» Given data:
- Opening Delimiter -

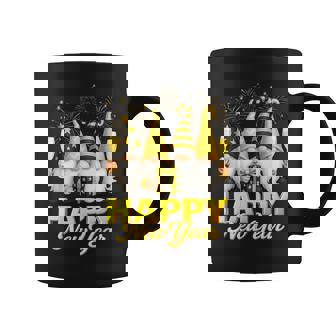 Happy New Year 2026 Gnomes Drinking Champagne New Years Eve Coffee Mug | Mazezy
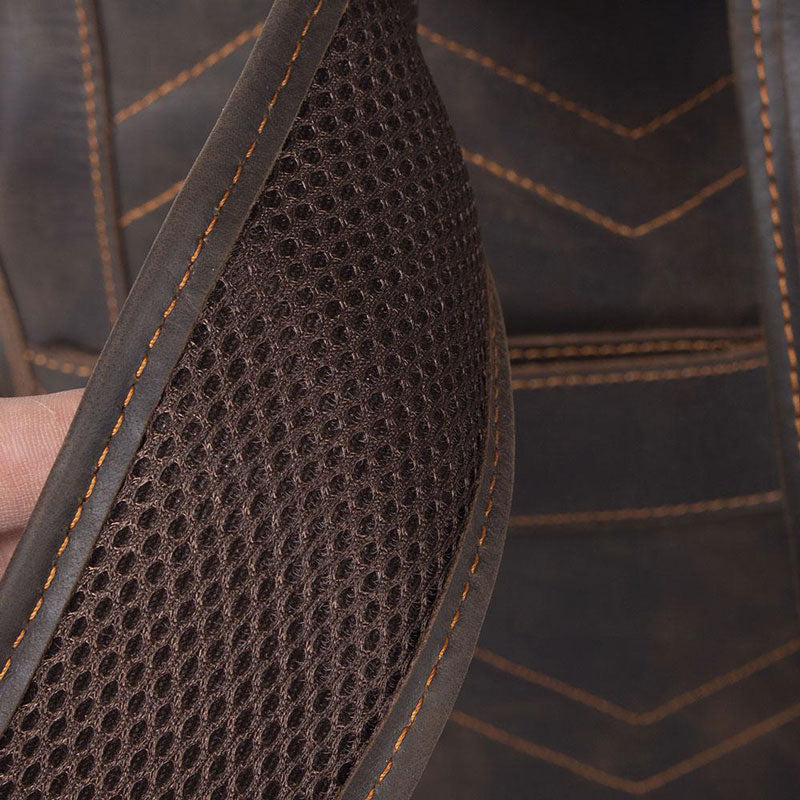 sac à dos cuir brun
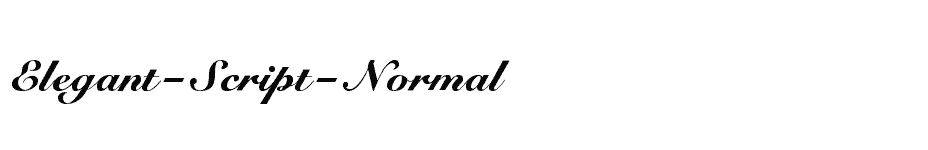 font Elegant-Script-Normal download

- Closing Delimiter -
- Opening Delimiter -

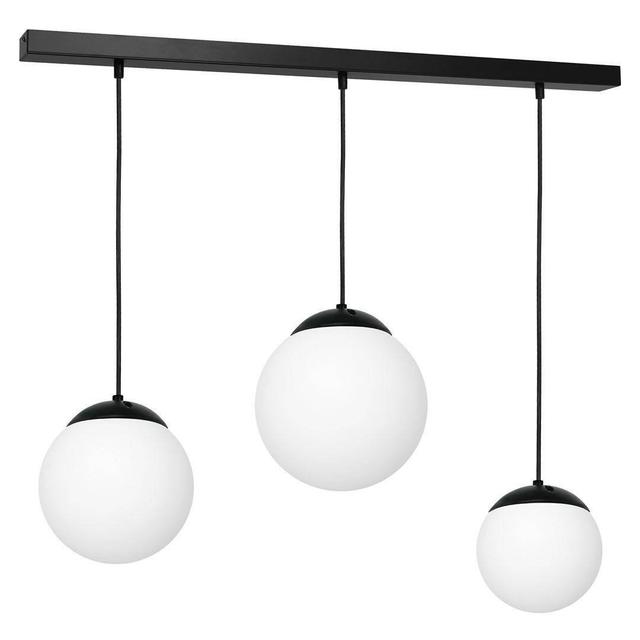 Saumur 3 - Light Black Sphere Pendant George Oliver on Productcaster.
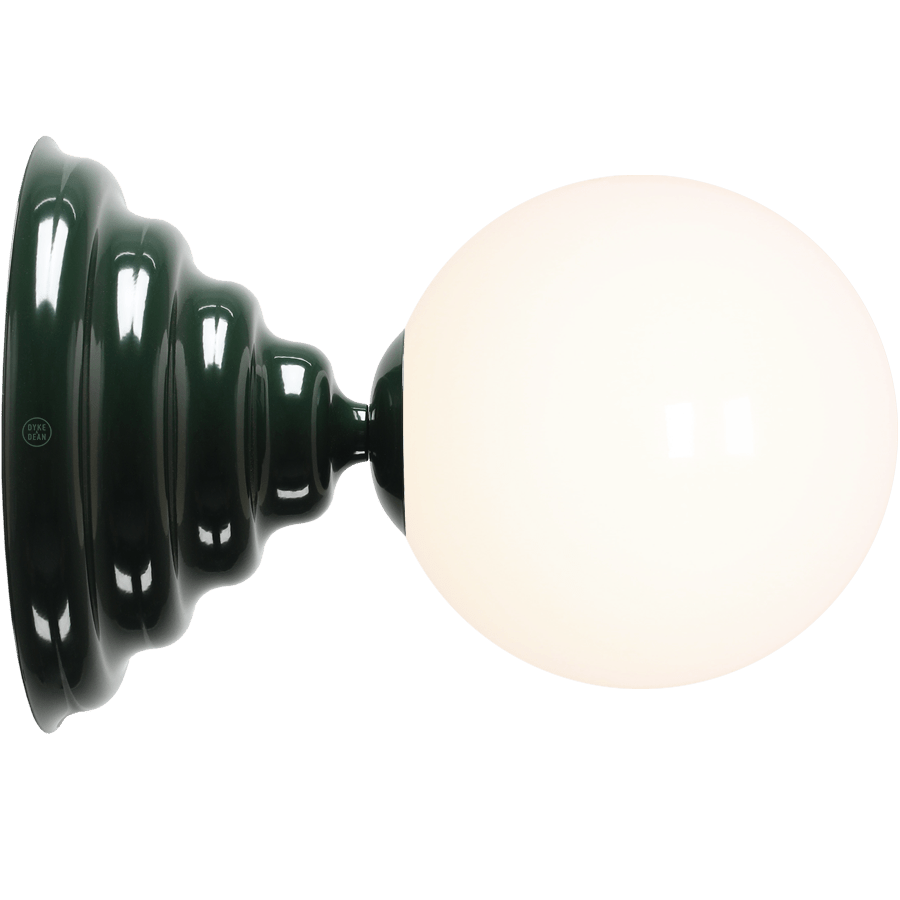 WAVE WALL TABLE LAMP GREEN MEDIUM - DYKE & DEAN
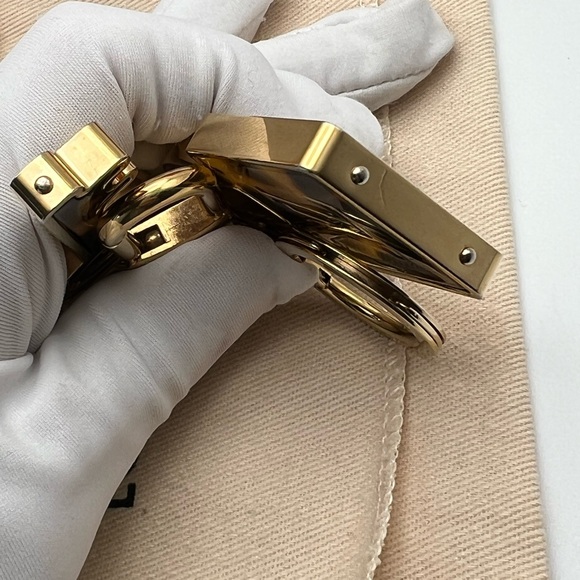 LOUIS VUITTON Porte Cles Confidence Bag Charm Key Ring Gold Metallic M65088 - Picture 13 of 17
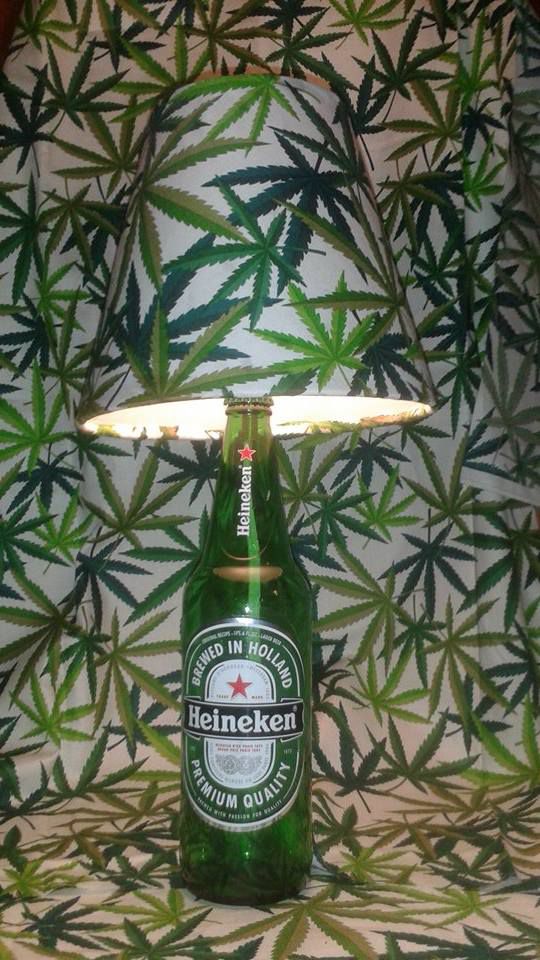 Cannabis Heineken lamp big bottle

- Closing Delimiter -
- Opening Delimiter -

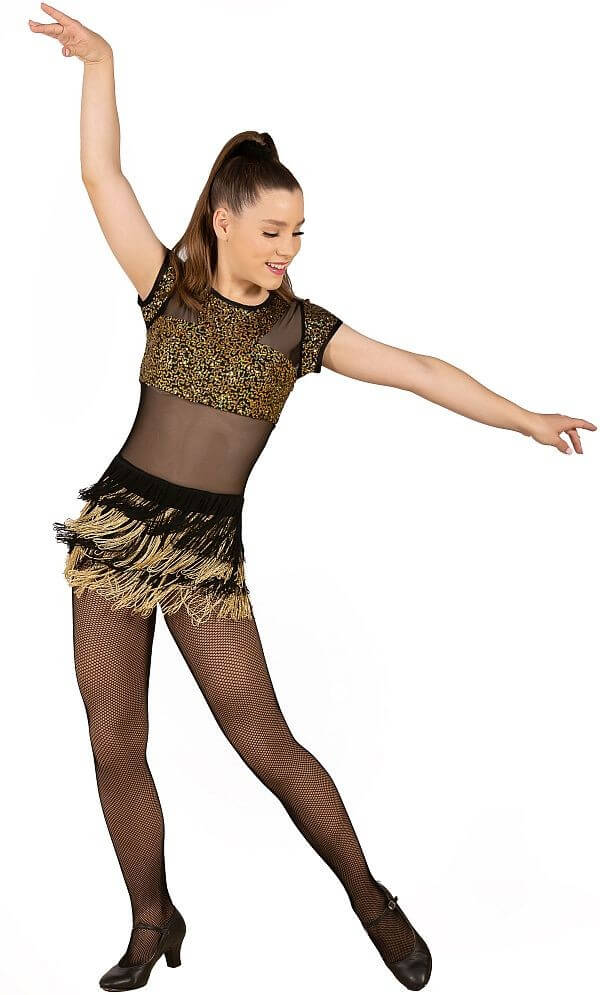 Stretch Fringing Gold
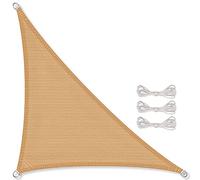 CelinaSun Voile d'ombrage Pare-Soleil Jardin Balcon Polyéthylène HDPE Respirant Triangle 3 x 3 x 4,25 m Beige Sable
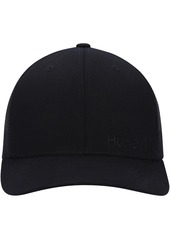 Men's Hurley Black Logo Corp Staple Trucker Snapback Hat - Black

- Closing Delimiter -

» Problem details:
Could you output exactly the lines above, from the line with "Happy New Year" up to and including the line with "font Elegant-Script-Normal download", and nothing else, skipping the pictures?

» Finished exercise:
 Happy New Year 2026 Gnomes Drinking Champagne New Years Eve Coffee Mug | Mazezy
 sac à dos cuir brun
 font Elegant-Script-Normal download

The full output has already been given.